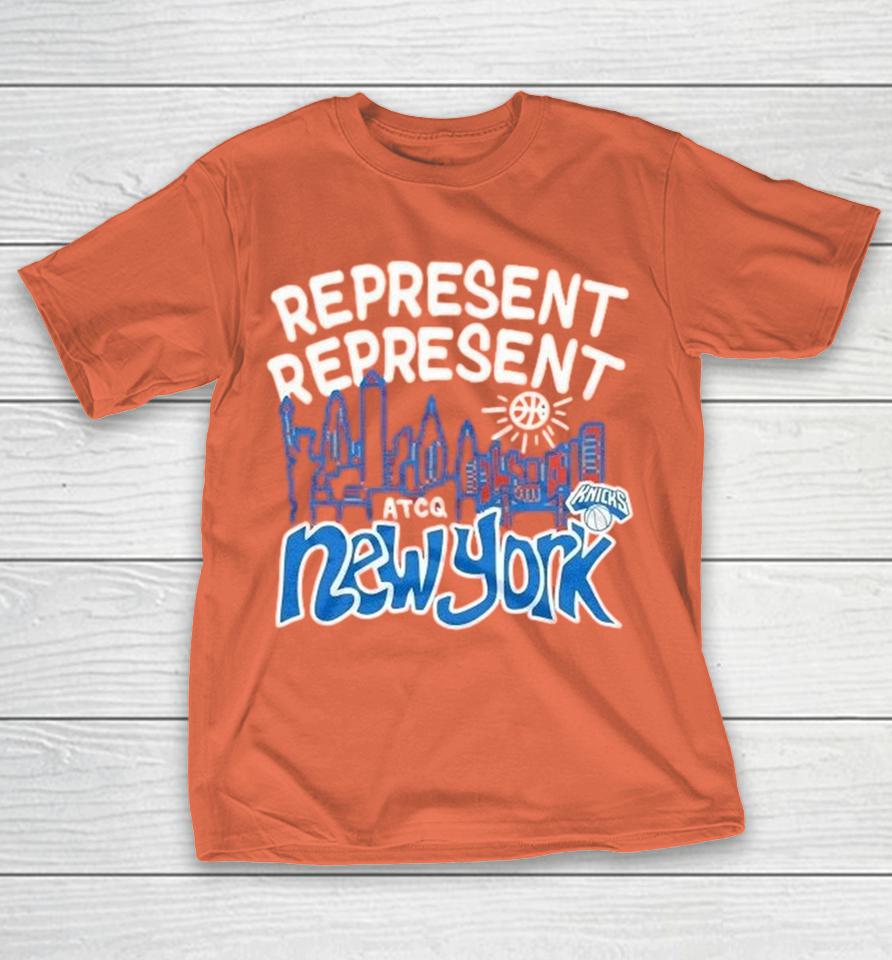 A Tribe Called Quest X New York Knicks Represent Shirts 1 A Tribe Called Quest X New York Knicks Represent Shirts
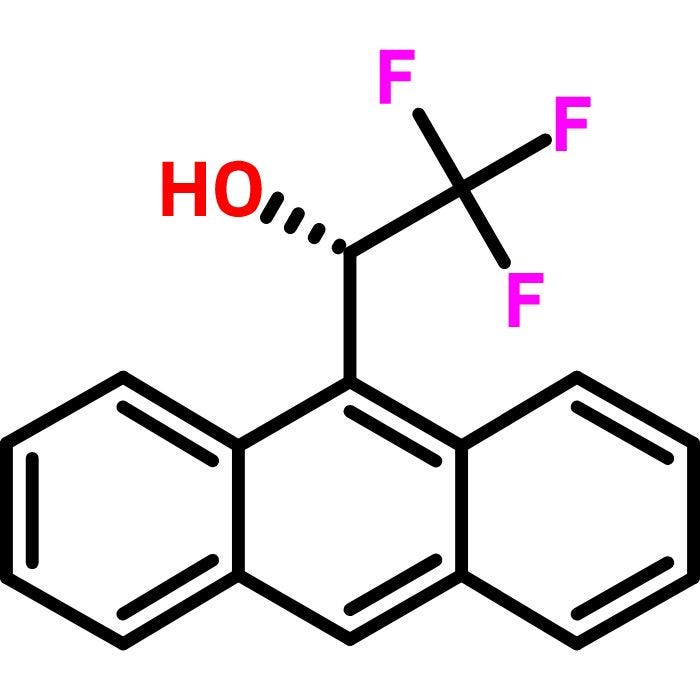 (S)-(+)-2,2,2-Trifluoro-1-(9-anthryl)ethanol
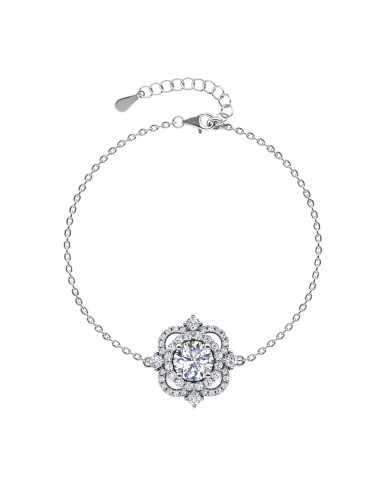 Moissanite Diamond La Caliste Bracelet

# # # #

What is required:
Reproduce exactly, and only, the lines from the one with "(S)-(+)-2,2,2-Trifluoro-1-(9-anthryl)ethanol" to the final line of the listing above; the pictures are to be left out.

Reply:
 (S)-(+)-2,2,2-Trifluoro-1-(9-anthryl)ethanol
 Moissanite Diamond La Caliste Bracelet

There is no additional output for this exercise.